#### Data segment

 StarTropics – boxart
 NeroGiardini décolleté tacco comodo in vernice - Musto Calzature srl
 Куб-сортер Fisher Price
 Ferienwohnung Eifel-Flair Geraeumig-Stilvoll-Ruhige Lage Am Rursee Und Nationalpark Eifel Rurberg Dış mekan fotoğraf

########

**Work item:**
Reproduce the entire listing word for word.

**Exercise solution:**
 StarTropics – boxart
 NeroGiardini décolleté tacco comodo in vernice - Musto Calzature srl
 Куб-сортер Fisher Price
 Ferienwohnung Eifel-Flair Geraeumig-Stilvoll-Ruhige Lage Am Rursee Und Nationalpark Eifel Rurberg Dış mekan fotoğraf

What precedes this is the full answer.